If anyone has ever questioned the accuracy of their thermometers, the first course of action that they are instructed to do is to calibrate their thermometers (if the thermometer can be calibrated). If your thermometer can't be calibrated, then you must compensate for the difference wither you use the Ice Bath method or the Boiling Water method

The two methods of calibration is the Ice Bath method in which the thermometer is calibrated to 32° F. (or 0°C). To me this method is the most accurate providing that you know the proper way to do the ice water calibration. No matter what your elevation is, water freezes at 32°F (0° C). Check here for the How To Make A Proper Ice Bath video.

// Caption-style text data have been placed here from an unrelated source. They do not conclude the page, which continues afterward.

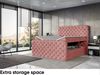 MEBLINI Boxspringbett DUKE 180x200 cm mit Bettkasten - H4/Rosa Samt Polsterbett - Doppelbett mit Topper & Taschenfederkern-Matratze Bild 5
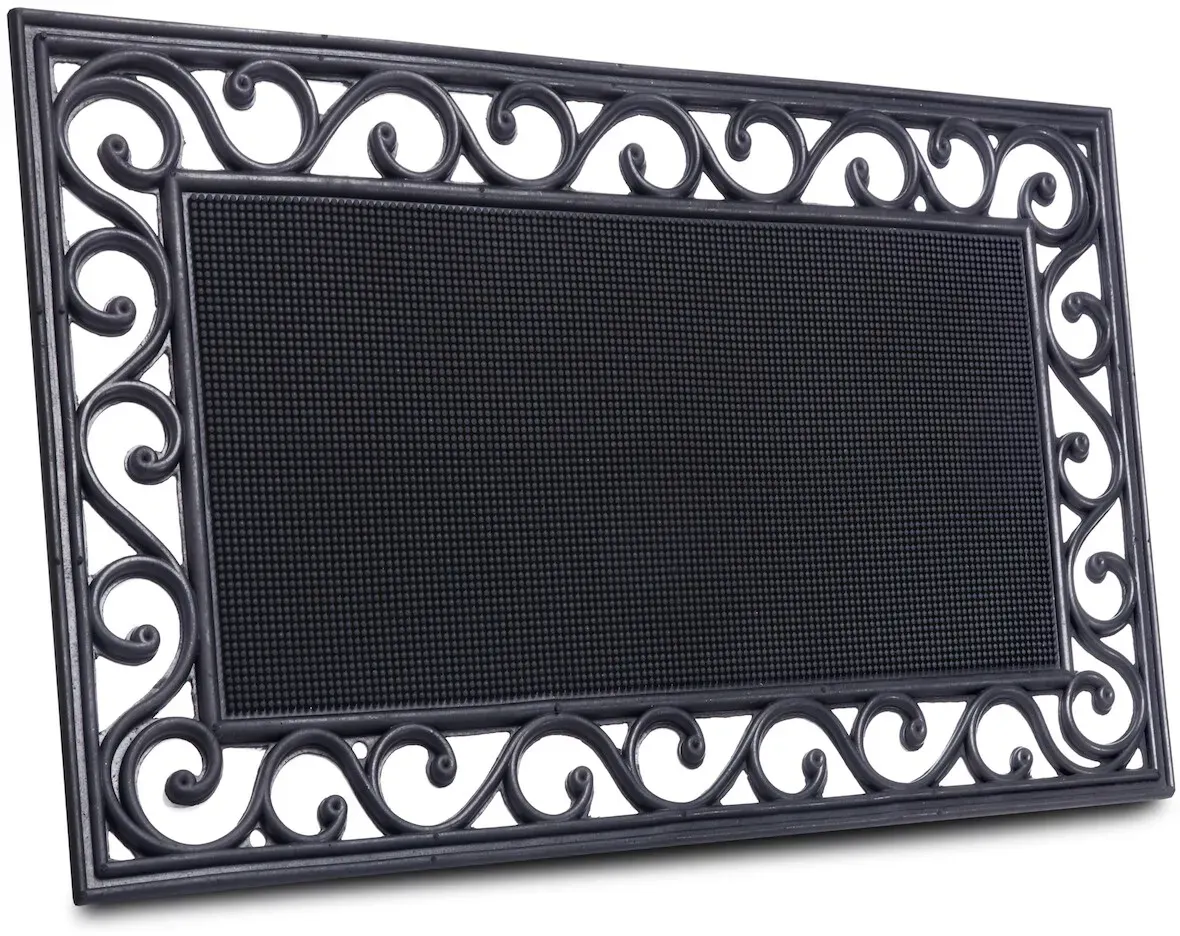 NYVI Fußmatte Gummi - 45x75 cm Rechteckig - Gummi Noppen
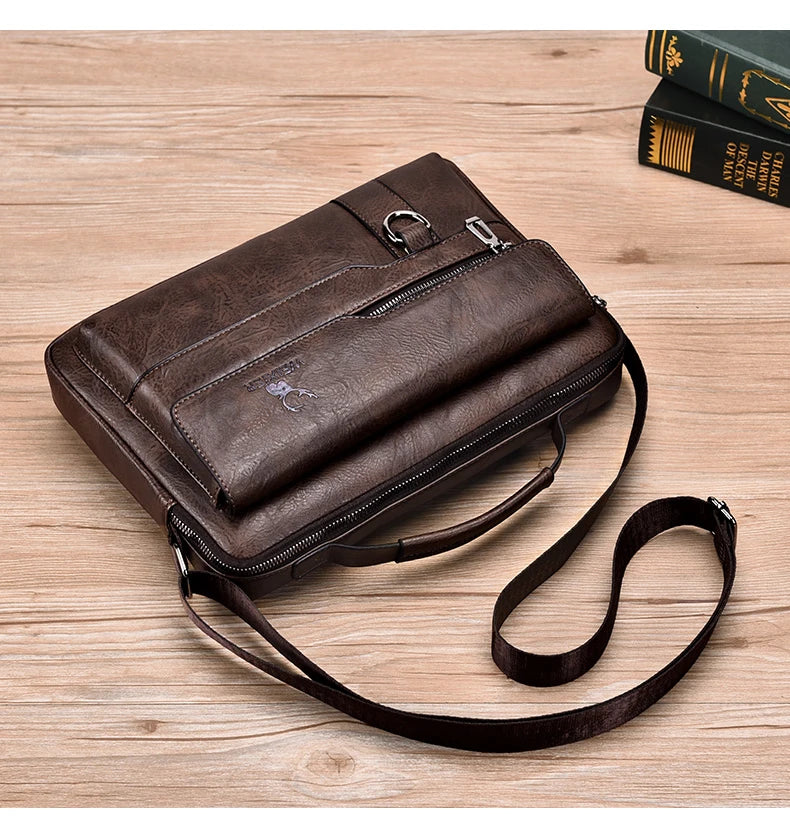 Leather Bag, Men's Handbag Vintage Messenger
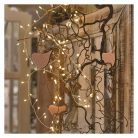 LED karácsonyi nano fényfüzér – süni, 2,4 m, 3x AA, beltéri, meleg fehér, időzítő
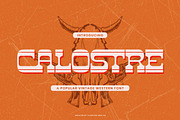 Calostre - Display Vintage Font, a Font by Flawless And Co (Thumbnail 1 of 10)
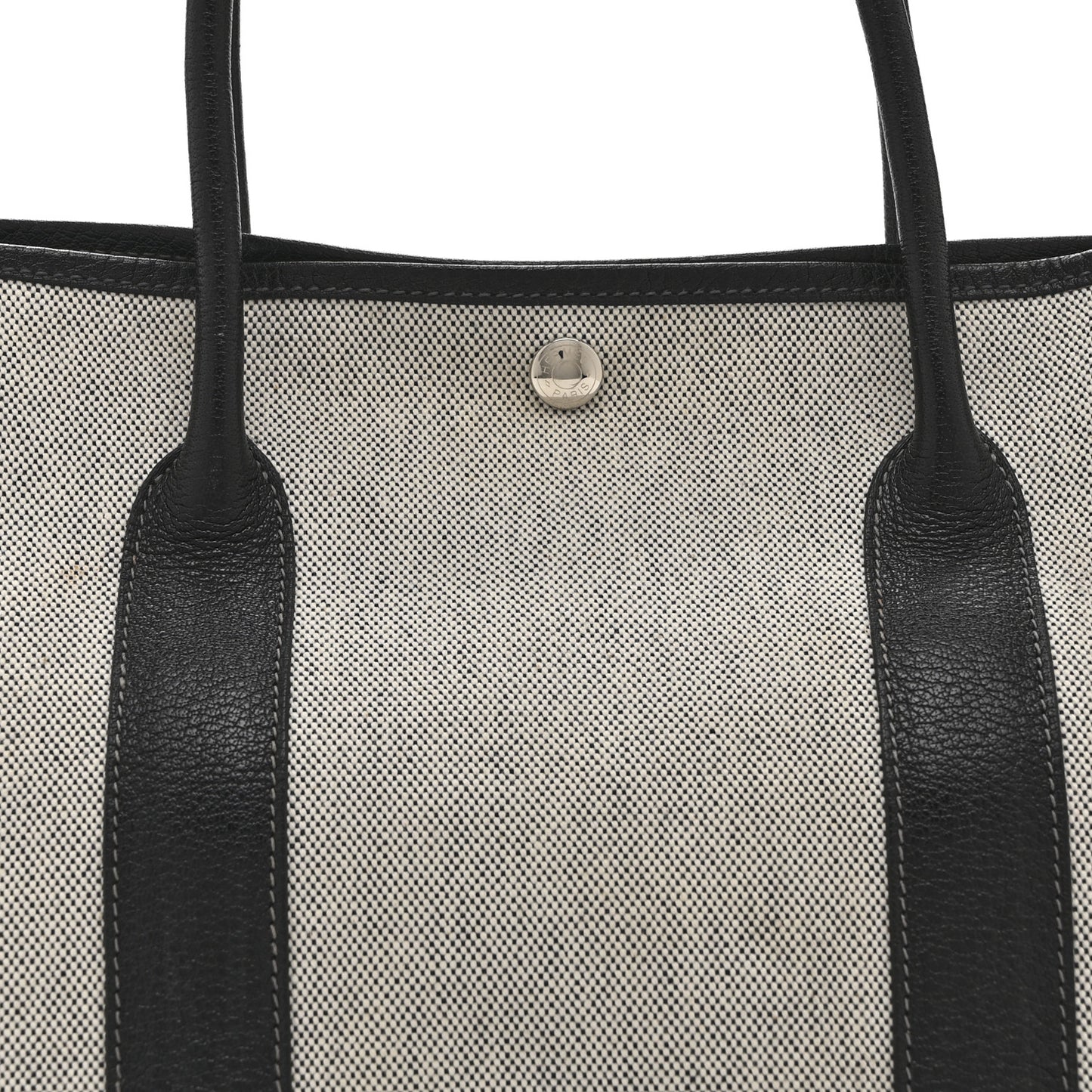 Toile Negonda Garden Party 36 MM Tote Black Ecru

Thanks goes out to AustinL for posting that video link! 
	

	
	
		
		



		
			






The other method is the Boiling Water method in which you calibrate your thermometer to 212° F. (100°C). This method is great providing that you can calibrate said thermometer at sea level.  The higher you rise is elevation the lower you boiling temperature drops-also associated with the increase of elevation is the increase in the length of time it takes for water to boil. As for the length of time it takes-I'll let you all figure that one out for yourselves. 
	

	
	
		
		



		
		
	


	





Here is a chart that shows you the elevation and the corresponding boiling point. This chart shows both Feet & Meters and °F & °C. This Chart ranges from Sea level to 10,000 ft (3048 m) in 500 ft (152 m) increments.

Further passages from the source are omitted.